_Problem to work on_
What is needed is an exact repeat of the lines from the one holding "Трехкомнатная квартира,128м2,Ворошиловский р-н.Цена" through the final line of the data, with no pictures.

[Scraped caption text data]
==================================================
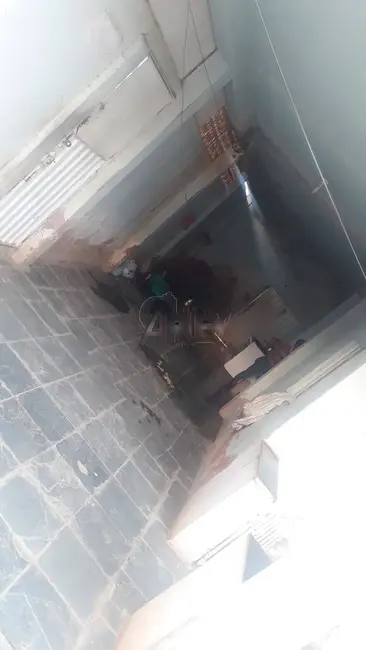 Casa com 2 quartos à venda, 300m2 em Maracanã, Montes Claros - MG - imagem 3 Foto 3 de Casa com 2 quartos à venda, 300m2 em Maracanã, Montes Claros - MG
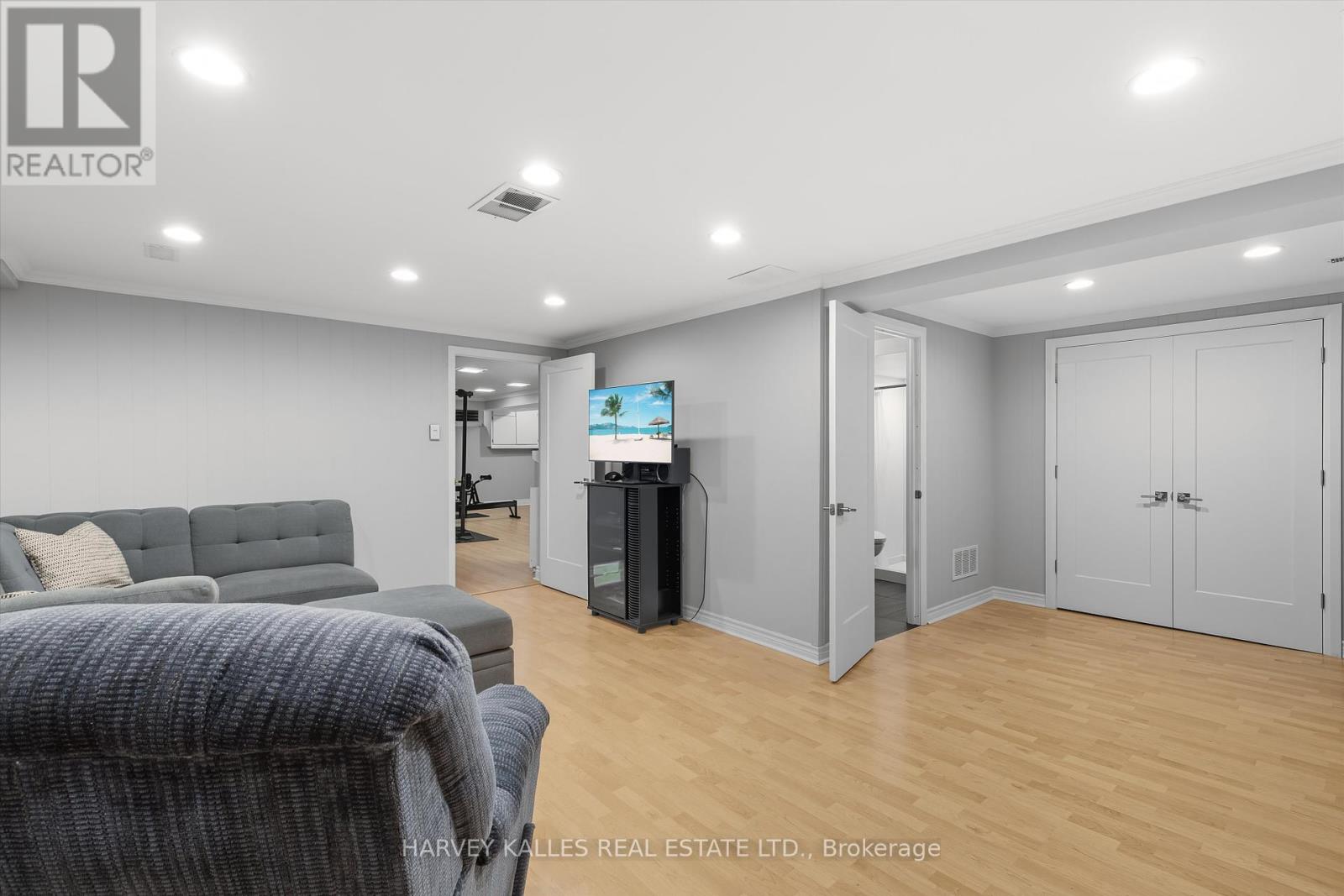 18 Farmstead Road, Toronto, Ontario  M2L 2G2 - Photo 20 - C12457256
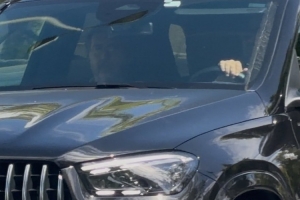 记者：热苏斯经纪人与德科一同离开巴萨基地，将办理球员签约事宜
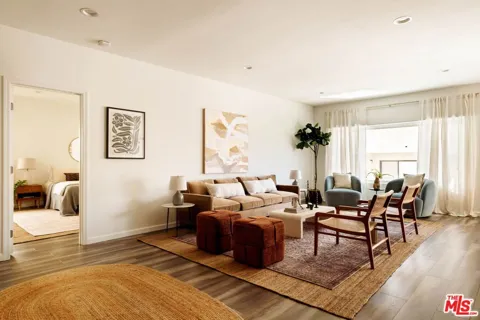 11820 Mayfield Avenue #105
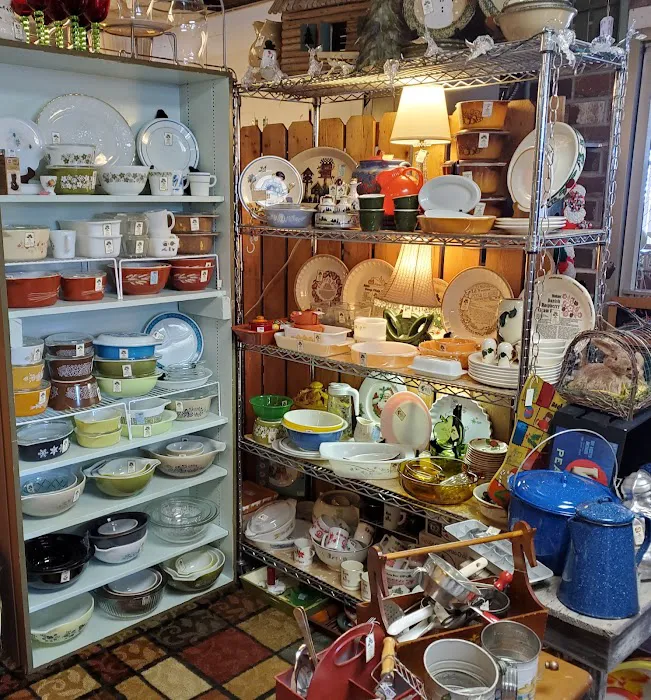 Antique Peddlers Mall 3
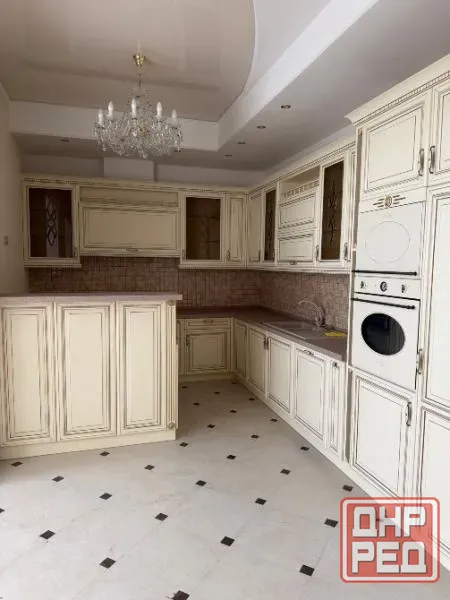 Трехкомнатная квартира,128м2,Ворошиловский р-н.Цена 22млн Донецк - изображение 7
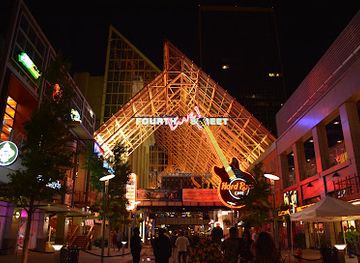 kentucky/louisville/downtown/nightclub/fourth-street-live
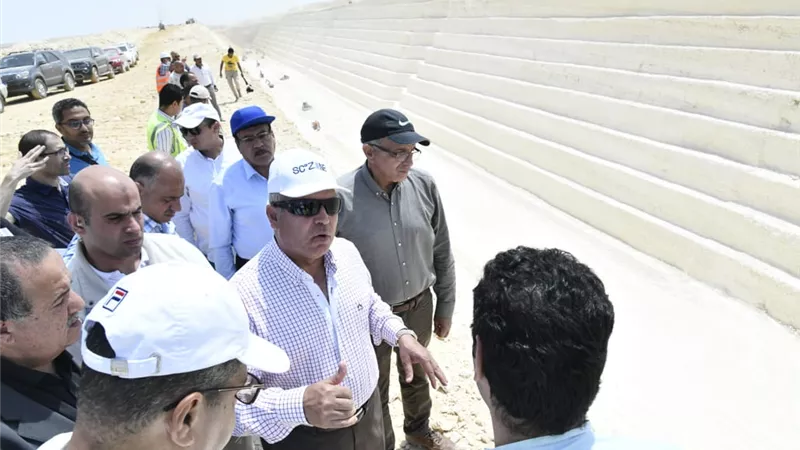 وزير النقل يتفقد مشروع الخط الأول للقطار الكهربائي السريع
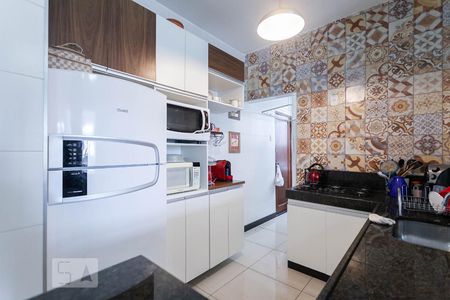 Apartamento para alugar com 70m², 2 quartos e sem vagaCozinha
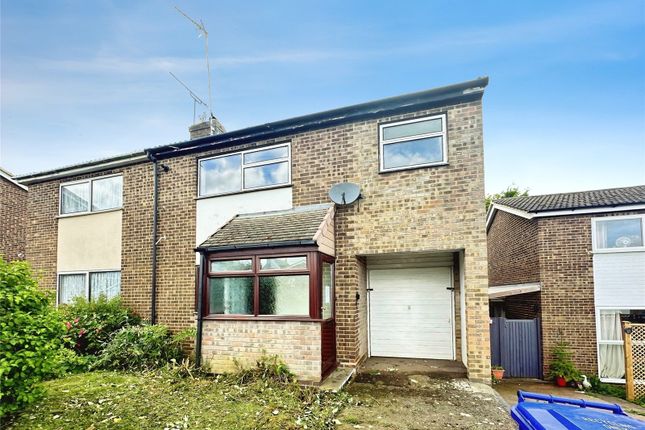 4 bed property, in Bridle Close, £315,000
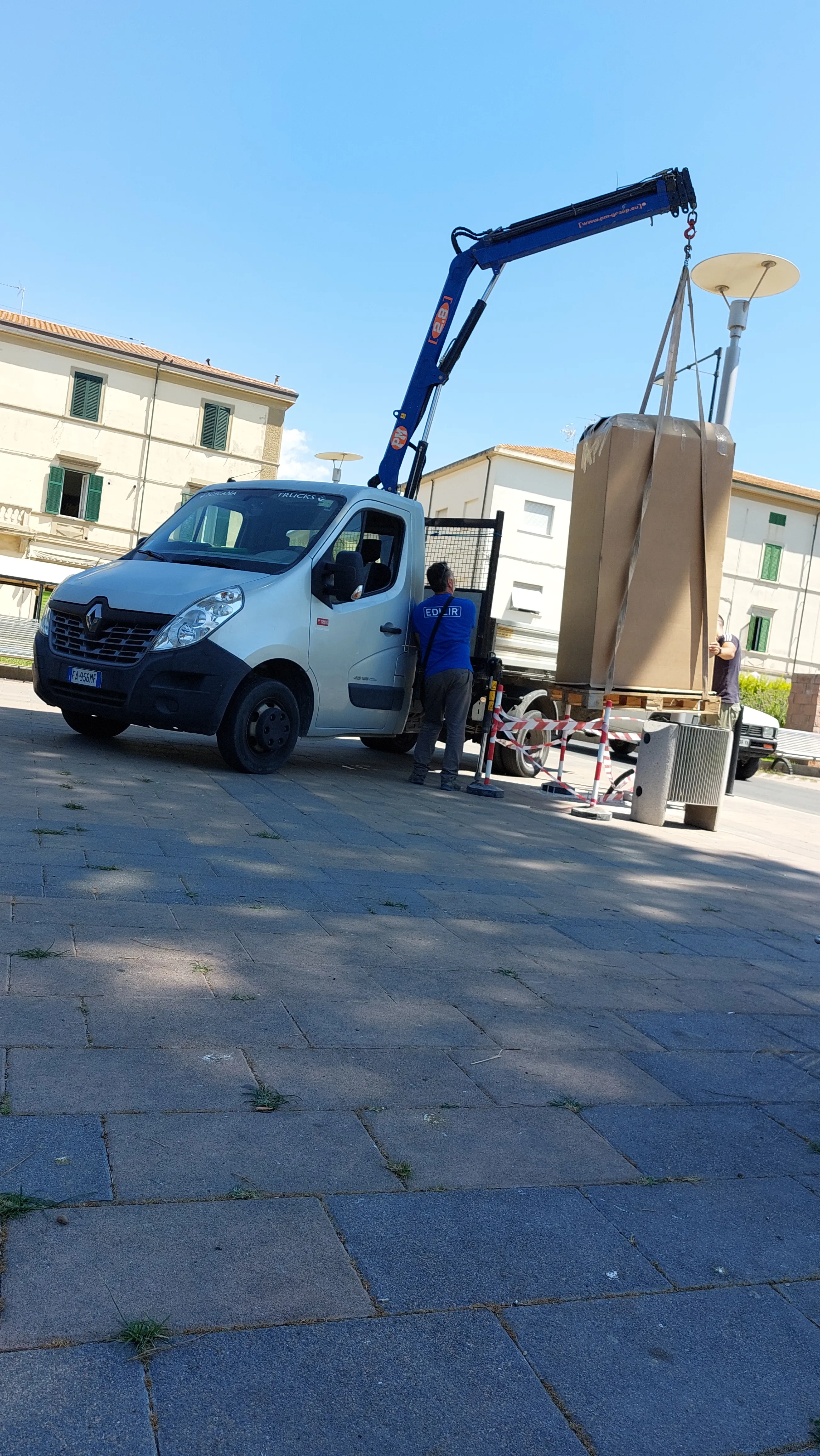 Installation of an outdoor Live Castagneto digital totem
==================================================
_Response to this task_
 Трехкомнатная квартира,128м2,Ворошиловский р-н.Цена 22млн Донецк - изображение 7
 kentucky/louisville/downtown/nightclub/fourth-street-live
 وزير النقل يتفقد مشروع الخط الأول للقطار الكهربائي السريع
 Apartamento para alugar com 70m², 2 quartos e sem vagaCozinha
 4 bed property, in Bridle Close, £315,000
 Installation of an outdoor Live Castagneto digital totem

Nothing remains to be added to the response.